→ **TO DO**: Please reproduce the lines from the one containing "Villa avec 4" through the end of the data below exactly as they stand, and omit all pictures.

→ **Captioned web image data**:
- Opening Delimiter -

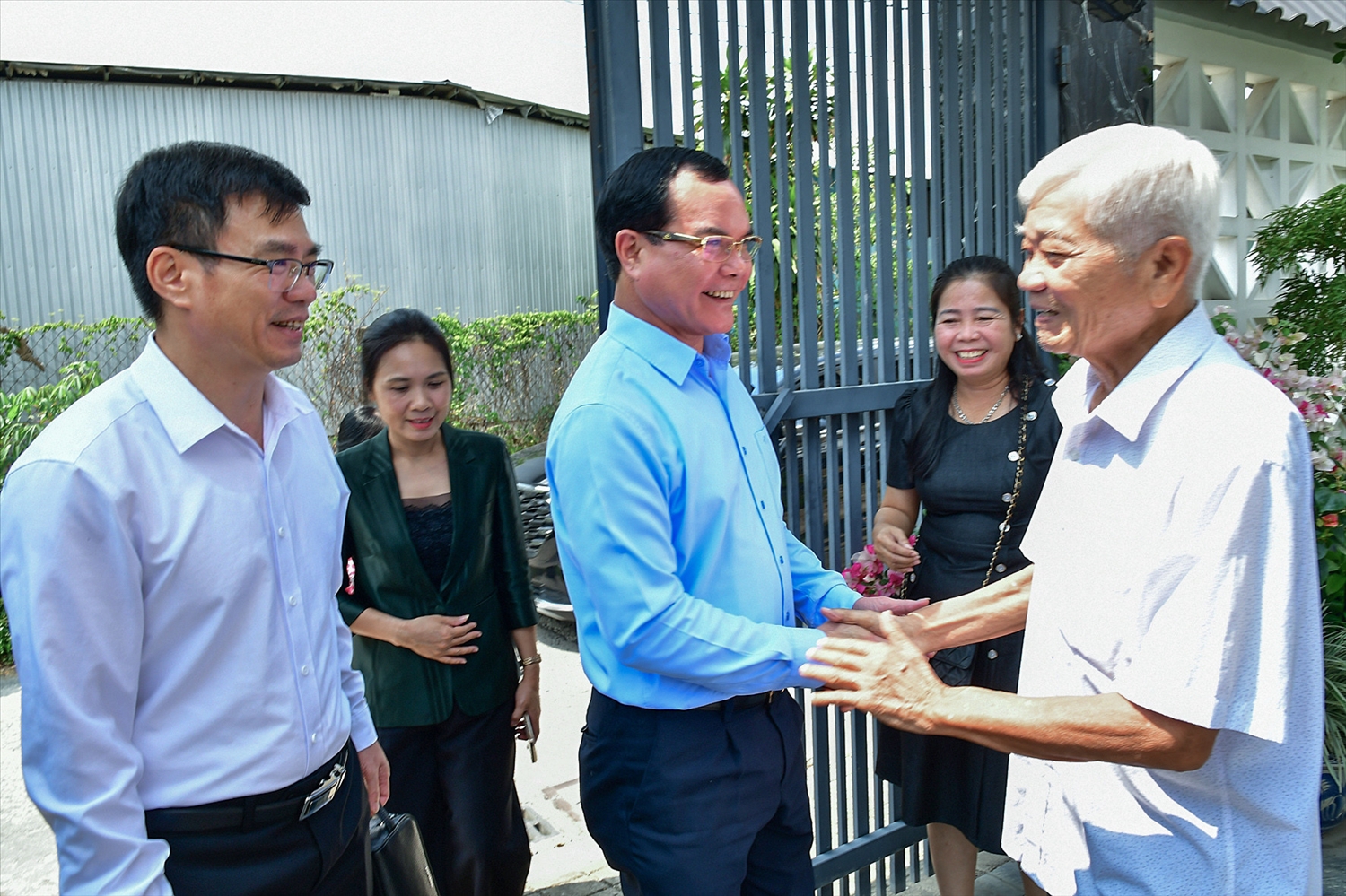 Bộ trưởng đến thăm, chúc tết gia đình ông Sơn Song Sơn - nguyên Phó Trưởng ban Thường trực Ban Chỉ đạo Tây Nam Bộ. 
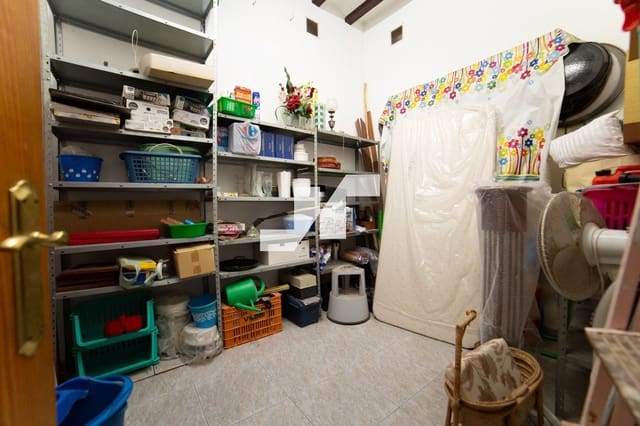 4 slaapkamer Villa te koop in Centro, Castelló de la Plana - € 215.000 (Ref: 9679251)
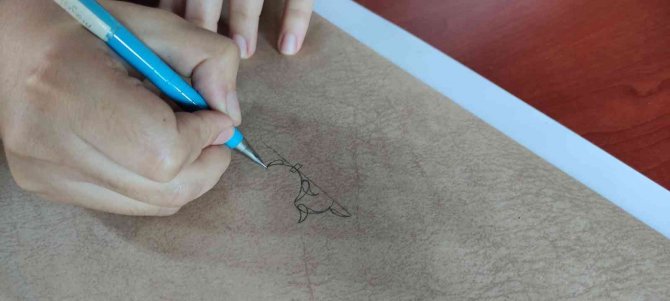 En Güzel Yazıları Altınla Süslüyor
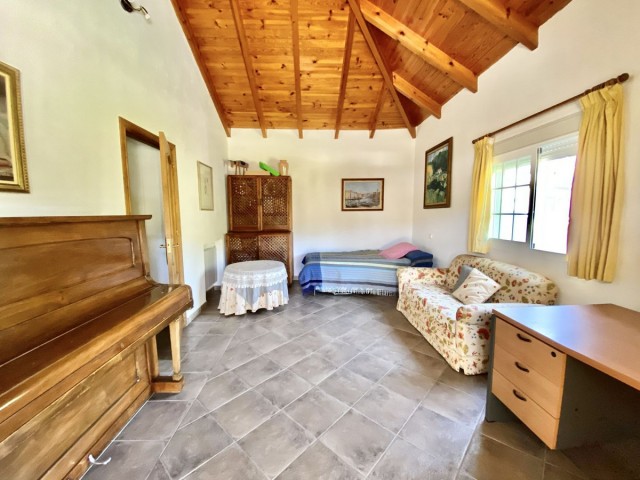 Villa avec 4 Chambres  à Benahavís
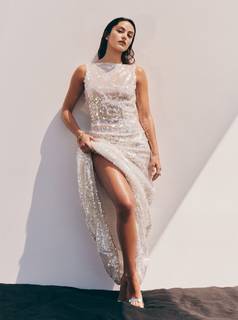 Camila Mendes feet photo thumbnail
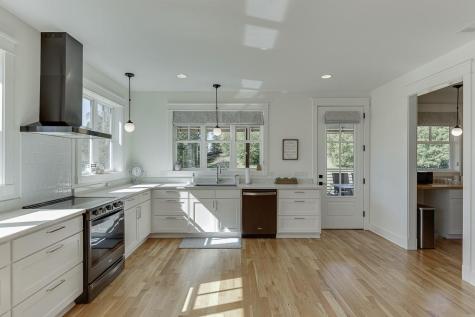 182 Farm Hill Drive Clarkesville GA 30523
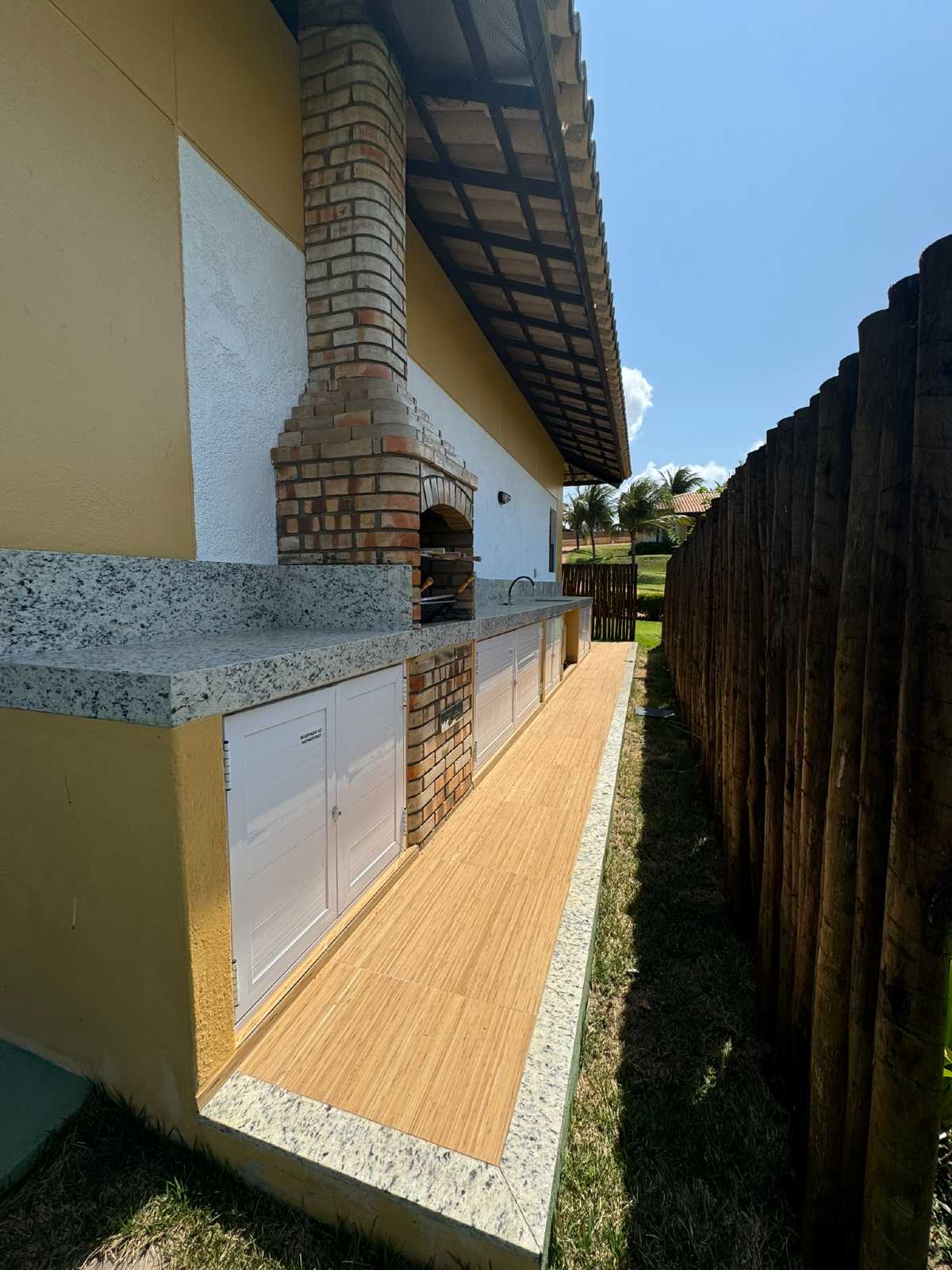 CHALÉ BEIRA-MAR À VENDA EM ZUMBI/RN – CONDOMÍNIO FECHADO COM SEGURANÇA 24H, foto 2 de 5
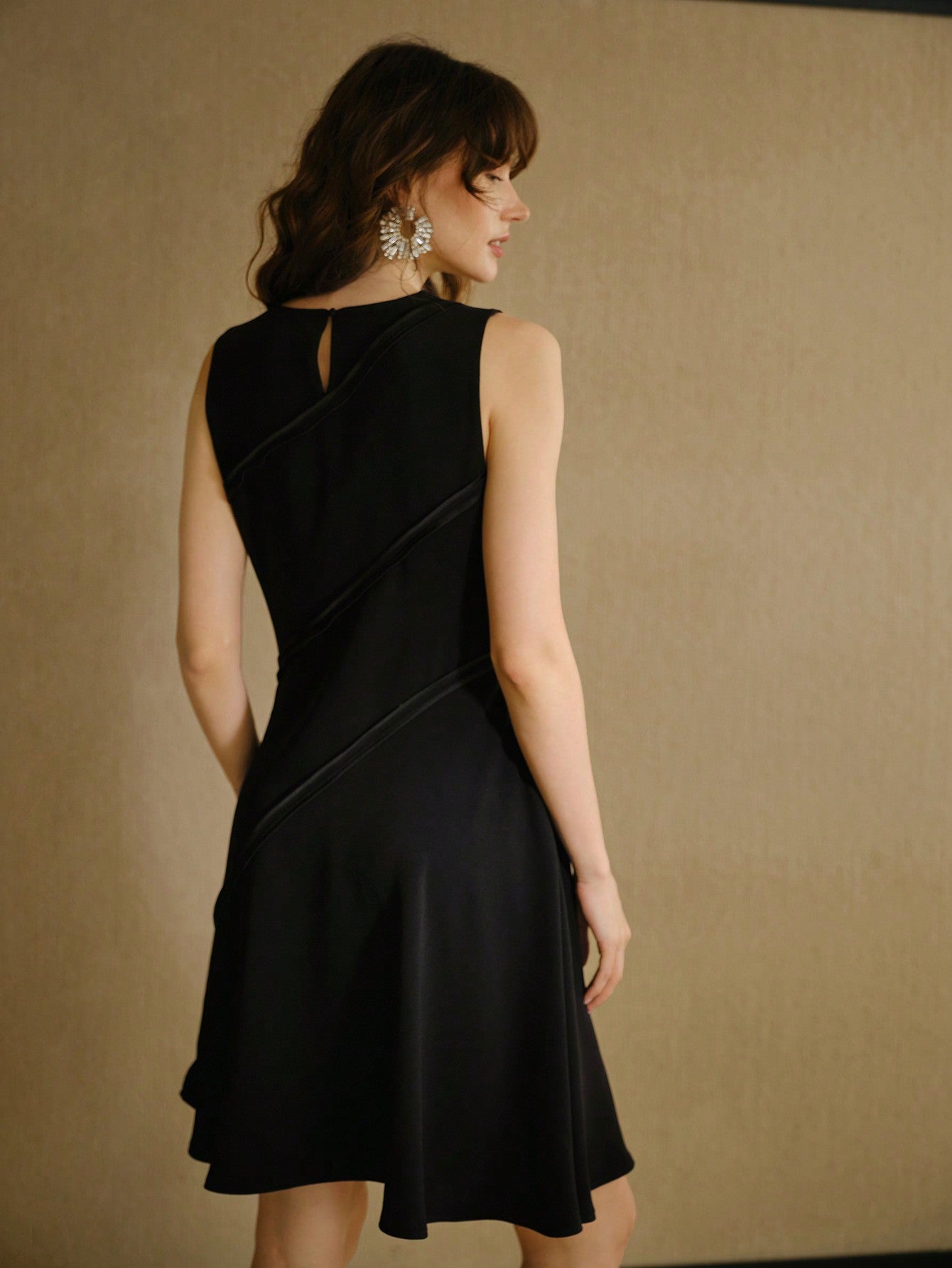 CM-DS191611 Women Elegant Seoul Style Round Neck Keyhole Back Bias Cut Sleevleess Mini Dress - Black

- Closing Delimiter -

→ **ANSWER SPACE**:
 Villa avec 4 Chambres  à Benahavís
 Camila Mendes feet photo thumbnail
 182 Farm Hill Drive Clarkesville GA 30523
 CHALÉ BEIRA-MAR À VENDA EM ZUMBI/RN – CONDOMÍNIO FECHADO COM SEGURANÇA 24H, foto 2 de 5
 CM-DS191611 Women Elegant Seoul Style Round Neck Keyhole Back Bias Cut Sleevleess Mini Dress - Black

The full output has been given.